══ Data section
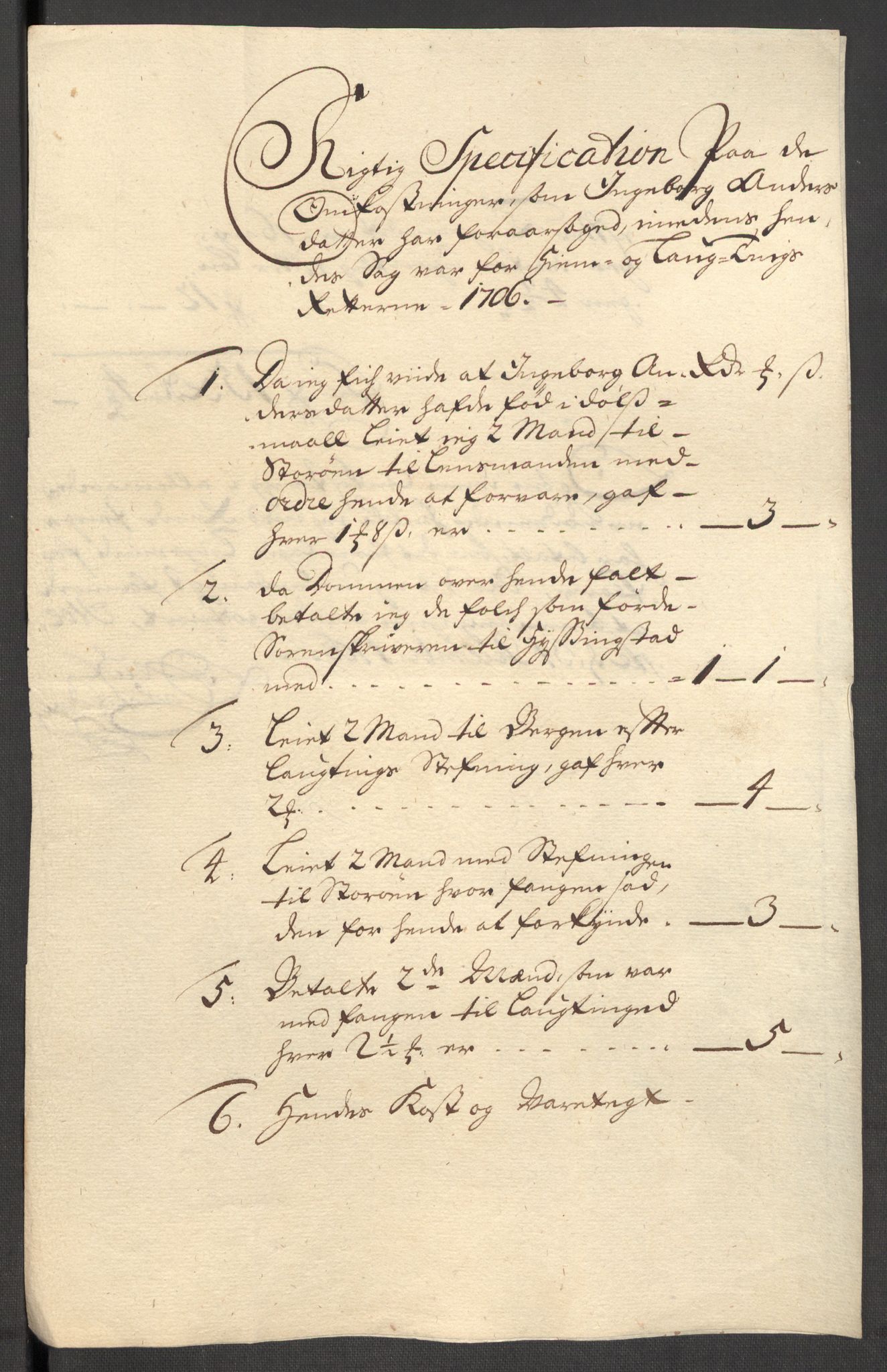 Rentekammeret inntil 1814, Reviderte regnskaper, Fogderegnskap, RA/EA-4092/R48/L2984: Fogderegnskap Sunnhordland og Hardanger, 1706-1707, p. 225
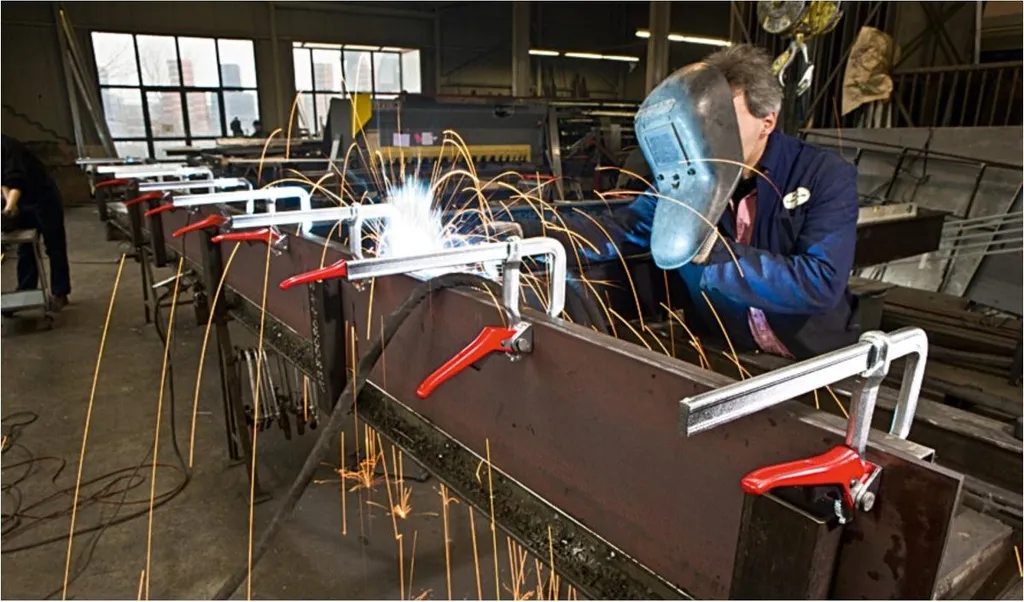 Morsetto a Leva Bessey GH30-12 | 8.500N Forza Serraggio Acciaio - 2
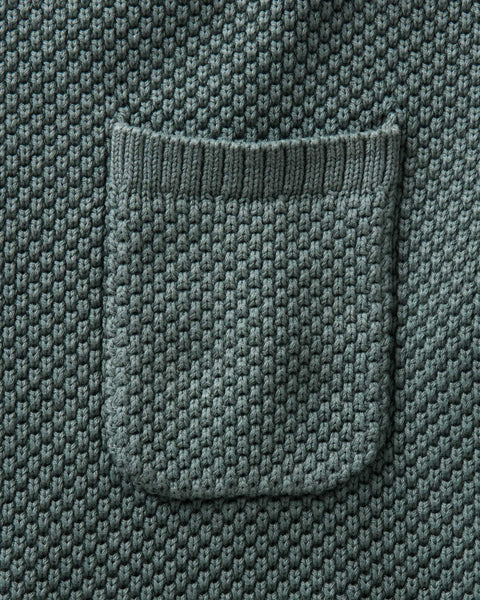 Taylor Stitch The Crawford Crew Sweater - Faded Spruce - nineNORTH | Men's & Women's Clothing Boutique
════
▸ What to work on: Would you copy out the material above exactly, without the pictures in it?

▸ Your response:
 Rentekammeret inntil 1814, Reviderte regnskaper, Fogderegnskap, RA/EA-4092/R48/L2984: Fogderegnskap Sunnhordland og Hardanger, 1706-1707, p. 225
 Morsetto a Leva Bessey GH30-12 | 8.500N Forza Serraggio Acciaio - 2
 Taylor Stitch The Crawford Crew Sweater - Faded Spruce - nineNORTH | Men's & Women's Clothing Boutique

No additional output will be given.